The comparative cardiovascular, pulmonary, ocular blood flow, and ocular hypotensive effects of topical travoprost, bimatoprost, brimonidine, and betaxolol

Inan UU; Ermis SS; Orman A; Onrat E; Yucel A; Ozturk F; Asagidag A; Celik A
Journal of Ocular Pharmacology and Therapeutics 2004; 20: 293-310


OBJECTIVE: This study evaluated systemic and ocular acute safety and intraocular pressure (IOP)-lowering efficacy of travoprost 0.004% and bimatoprost 0.03%, compared to brimonidine 0.2% and betaxolol 0.25% in healthy subjects. PATIENTS AND METHOD: Nineteen (19) young men, ages between 24 and 42, were enrolled in a single-center, institutional randomized, double-masked, crossover clinical trial. Baseline IOP, heart rate, blood pressure, and respiratory rate were recorded at hour 0. At minute 30, heart rate, blood pressure, respiratory rate, and spirometry were measured. At hour 1, color Doppler imaging of retrobulbar vessels was performed. At hour 2, heart rate, blood pressure, and respiratory rate were measured; spirometry and a 15-minute treadmill test were performed. The same protocol was applied after one drop of a study medication was instilled into each eye on four subsequent visits at 5-day intervals. RESULTS: Travoprost and bimatoprost did not cause significant reductions in systolic blood pressure during exercise and recovery.
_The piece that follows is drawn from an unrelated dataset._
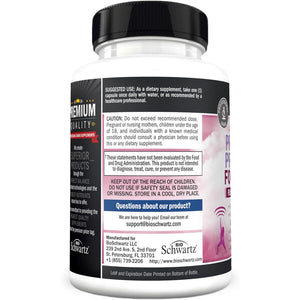 Prebiotics and Probiotics for Women - for Gut, Vaginal and Immune Health Support with Black Cohosh and Red Clover - Whole Food Digestive Enzymes Capsules, Lactobacillus Probiotic Supplement, 30 Count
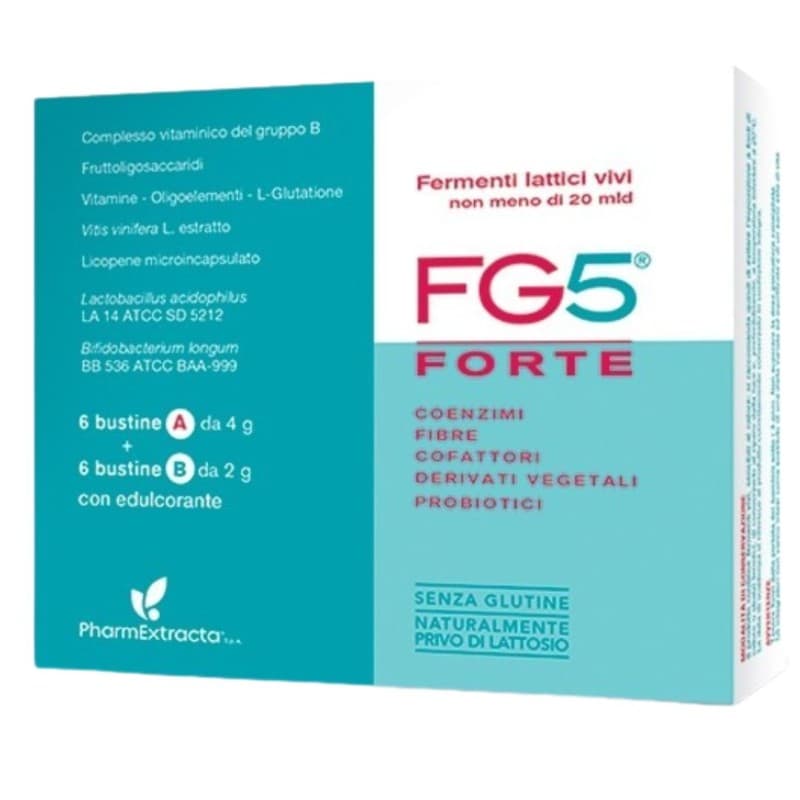 Probióticos con bacterias lácticas – 6 sobres | FG5 Forte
The mean respiratory rate and forced expiratory volume in 1 second were not significantly altered by any study medication. Travoprost reduced the resistive index and increased blood velocities in the ophthalmic artery and its branches. Bimatoprost caused a significant increase in end diastolic velocity of the ophthalmic artery. At hour 6, all medications reduced IOP significantly (p < 0.05). The most frequent ocular side effect of travoprost and bimatoprost was conjunctival hyperemia. CONCLUSION: Travoprost and bimatoprost were found to be systemically safe and caused an increase in blood-flow velocities of the retrobulbar vessels after a single-dose application. Their ocular hypotensive effect was comparable to that of brimonidine and greater than that of betaxolol in healthy subjects.

Dr. U.U. Inan, Tutuncu Apt. B. Blok 4/7, Afyon 03200, Turkey


Classification:

11.3.3 Apraclonidine, brimonidine (Part of: 11 Medical treatment > 11.3 Adrenergic drugs)
11.4 Prostaglandins (Part of: 11 Medical treatment)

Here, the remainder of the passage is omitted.